Saved entries
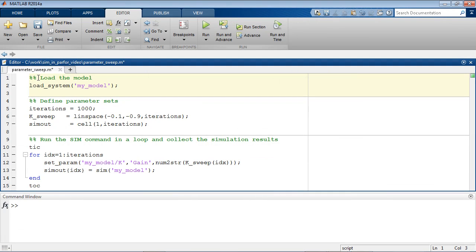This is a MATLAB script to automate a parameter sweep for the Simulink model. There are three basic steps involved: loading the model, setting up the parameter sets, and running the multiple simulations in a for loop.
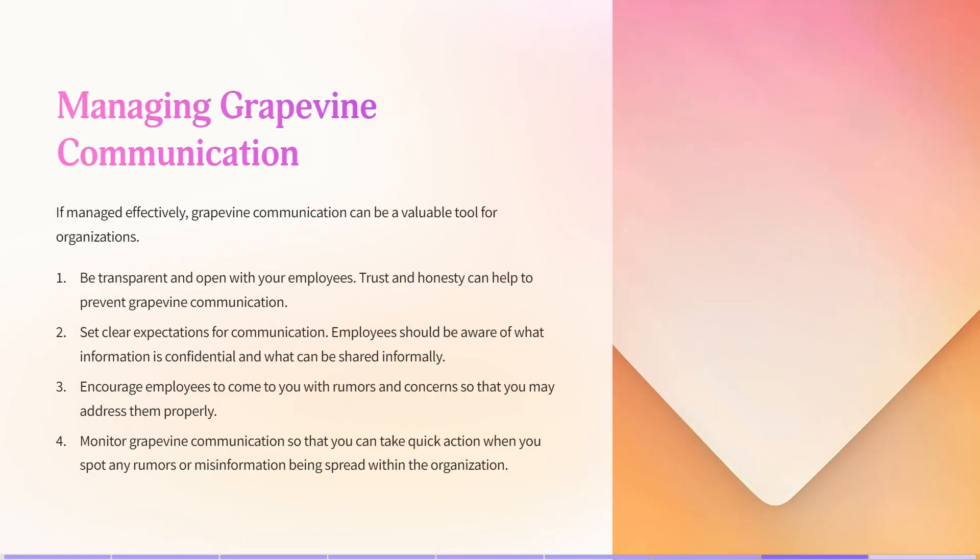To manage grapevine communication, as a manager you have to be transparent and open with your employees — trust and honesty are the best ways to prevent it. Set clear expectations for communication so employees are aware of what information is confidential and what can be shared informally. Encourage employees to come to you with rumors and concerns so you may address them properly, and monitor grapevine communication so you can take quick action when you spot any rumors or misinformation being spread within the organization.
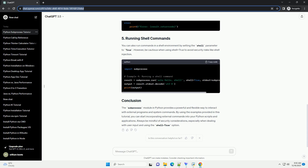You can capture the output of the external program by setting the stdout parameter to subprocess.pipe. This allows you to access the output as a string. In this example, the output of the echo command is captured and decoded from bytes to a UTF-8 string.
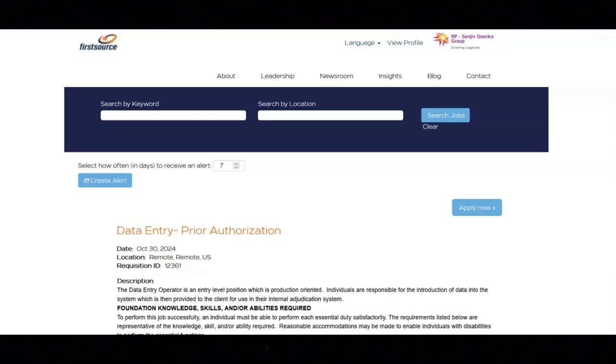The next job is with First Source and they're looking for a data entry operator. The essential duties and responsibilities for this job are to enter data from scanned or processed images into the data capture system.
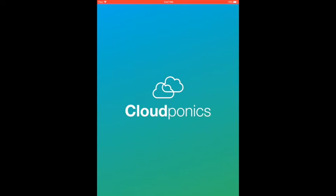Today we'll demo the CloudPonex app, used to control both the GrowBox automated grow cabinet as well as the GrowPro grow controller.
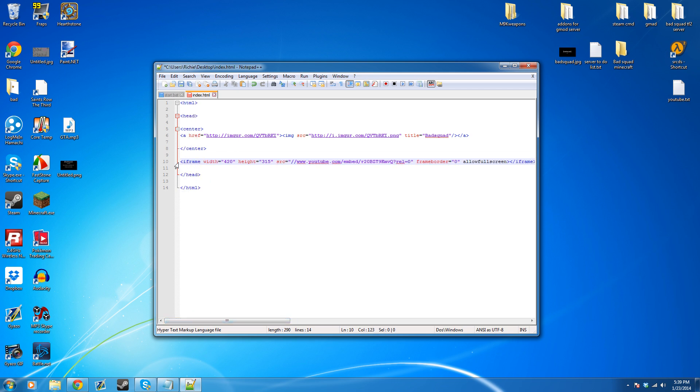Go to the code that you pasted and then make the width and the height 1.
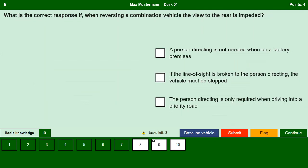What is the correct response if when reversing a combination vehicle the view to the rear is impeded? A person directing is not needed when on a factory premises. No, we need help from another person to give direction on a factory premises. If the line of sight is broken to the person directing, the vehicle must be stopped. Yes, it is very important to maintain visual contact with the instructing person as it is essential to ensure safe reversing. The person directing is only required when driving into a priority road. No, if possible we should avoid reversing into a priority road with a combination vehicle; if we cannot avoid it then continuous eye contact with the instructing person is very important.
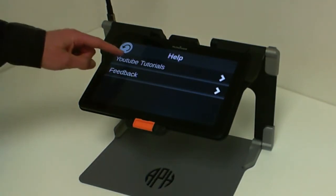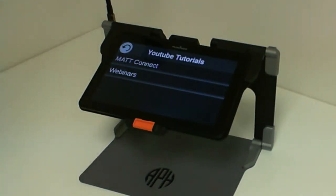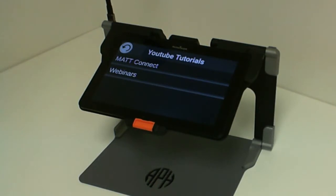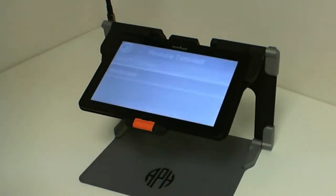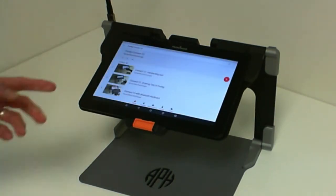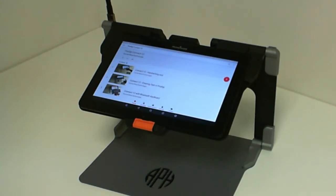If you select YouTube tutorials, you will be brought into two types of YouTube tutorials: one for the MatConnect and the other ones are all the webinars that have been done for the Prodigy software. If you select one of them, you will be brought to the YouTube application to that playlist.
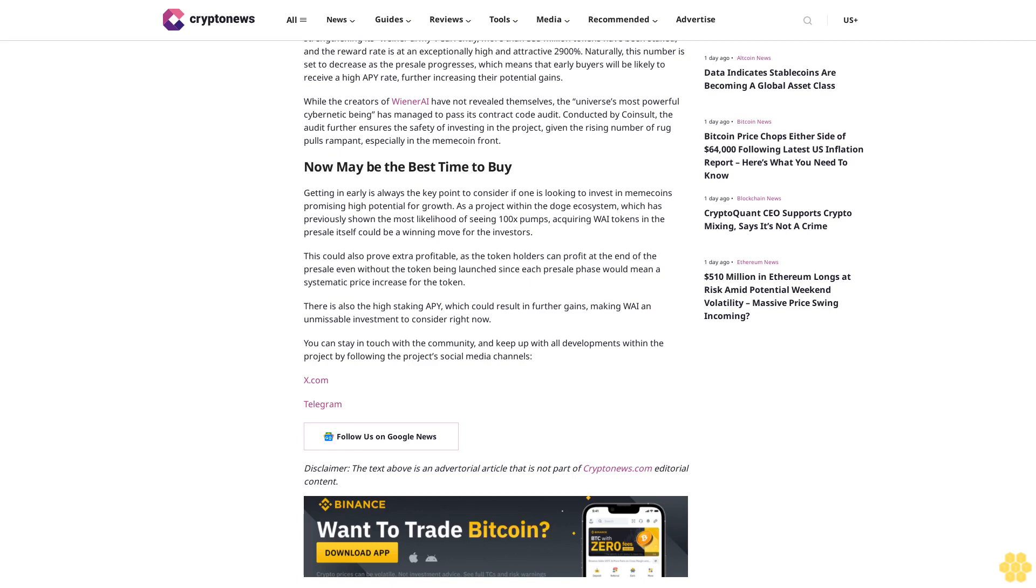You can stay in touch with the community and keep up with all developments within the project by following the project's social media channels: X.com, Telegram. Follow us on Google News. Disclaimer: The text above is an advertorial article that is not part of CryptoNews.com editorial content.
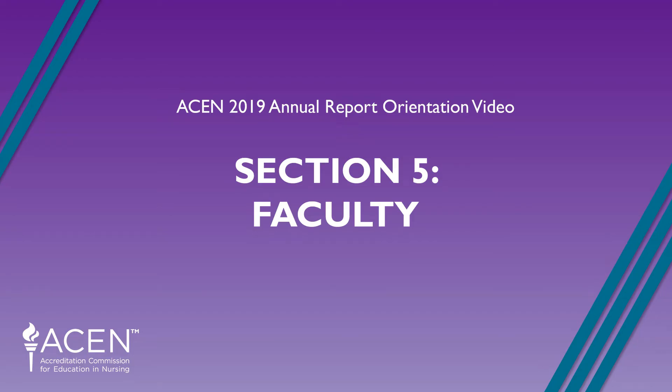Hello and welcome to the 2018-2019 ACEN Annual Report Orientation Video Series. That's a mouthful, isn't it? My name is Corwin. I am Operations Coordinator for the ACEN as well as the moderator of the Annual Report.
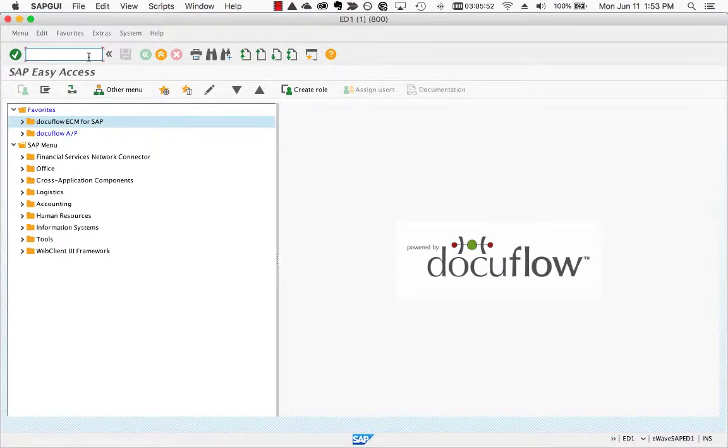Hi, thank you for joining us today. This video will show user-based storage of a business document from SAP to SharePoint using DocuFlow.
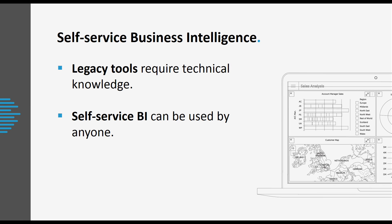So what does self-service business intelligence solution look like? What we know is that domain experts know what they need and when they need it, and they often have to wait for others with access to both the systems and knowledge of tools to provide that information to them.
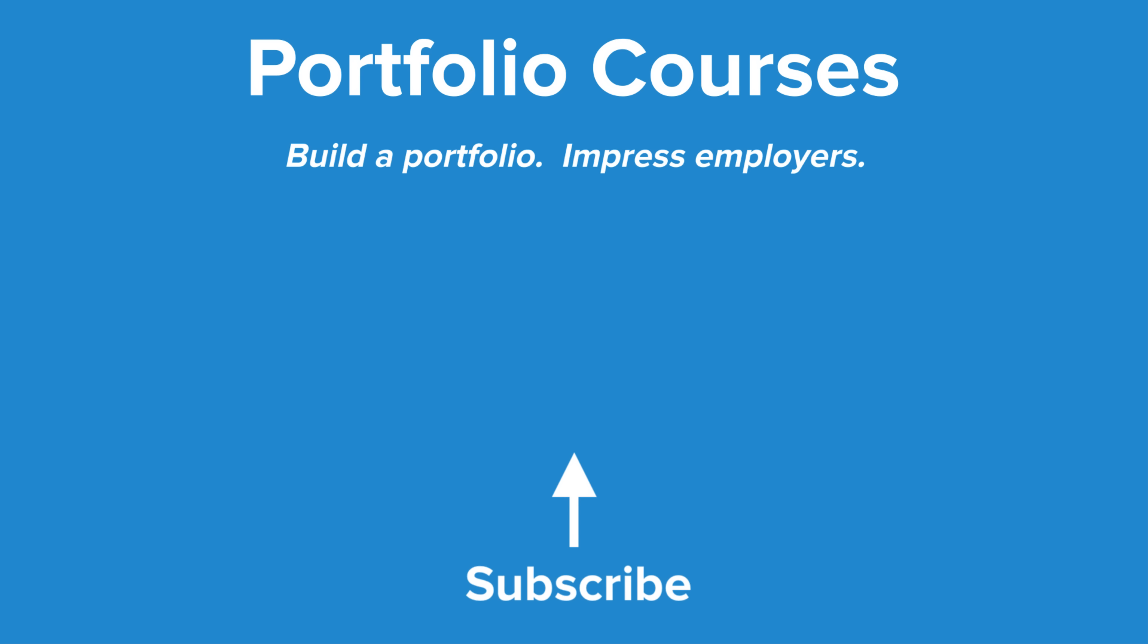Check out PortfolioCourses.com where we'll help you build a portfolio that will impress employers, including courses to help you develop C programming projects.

**Exercise details:** Type the entries again verbatim. Any pictures should be skipped.

**Response area:**
This is a MATLAB script to automate a parameter sweep for the Simulink model. There are three basic steps involved: loading the model, setting up the parameter sets, and running the multiple simulations in a for loop.
To manage grapevine communication, as a manager you have to be transparent and open with your employees — trust and honesty are the best ways to prevent it. Set clear expectations for communication so employees are aware of what information is confidential and what can be shared informally. Encourage employees to come to you with rumors and concerns so you may address them properly, and monitor grapevine communication so you can take quick action when you spot any rumors or misinformation being spread within the organization.
You can capture the output of the external program by setting the stdout parameter to subprocess.pipe. This allows you to access the output as a string. In this example, the output of the echo command is captured and decoded from bytes to a UTF-8 string.
The next job is with First Source and they're looking for a data entry operator. The essential duties and responsibilities for this job are to enter data from scanned or processed images into the data capture system.
Today we'll demo the CloudPonex app, used to control both the GrowBox automated grow cabinet as well as the GrowPro grow controller.
Go to the code that you pasted and then make the width and the height 1.
What is the correct response if when reversing a combination vehicle the view to the rear is impeded? A person directing is not needed when on a factory premises. No, we need help from another person to give direction on a factory premises. If the line of sight is broken to the person directing, the vehicle must be stopped. Yes, it is very important to maintain visual contact with the instructing person as it is essential to ensure safe reversing. The person directing is only required when driving into a priority road. No, if possible we should avoid reversing into a priority road with a combination vehicle; if we cannot avoid it then continuous eye contact with the instructing person is very important.
If you select YouTube tutorials, you will be brought into two types of YouTube tutorials: one for the MatConnect and the other ones are all the webinars that have been done for the Prodigy software. If you select one of them, you will be brought to the YouTube application to that playlist.
You can stay in touch with the community and keep up with all developments within the project by following the project's social media channels: X.com, Telegram. Follow us on Google News. Disclaimer: The text above is an advertorial article that is not part of CryptoNews.com editorial content.
Hello and welcome to the 2018-2019 ACEN Annual Report Orientation Video Series. That's a mouthful, isn't it? My name is Corwin. I am Operations Coordinator for the ACEN as well as the moderator of the Annual Report.
Hi, thank you for joining us today. This video will show user-based storage of a business document from SAP to SharePoint using DocuFlow.
So what does self-service business intelligence solution look like? What we know is that domain experts know what they need and when they need it, and they often have to wait for others with access to both the systems and knowledge of tools to provide that information to them.
Check out PortfolioCourses.com where we'll help you build a portfolio that will impress employers, including courses to help you develop C programming projects.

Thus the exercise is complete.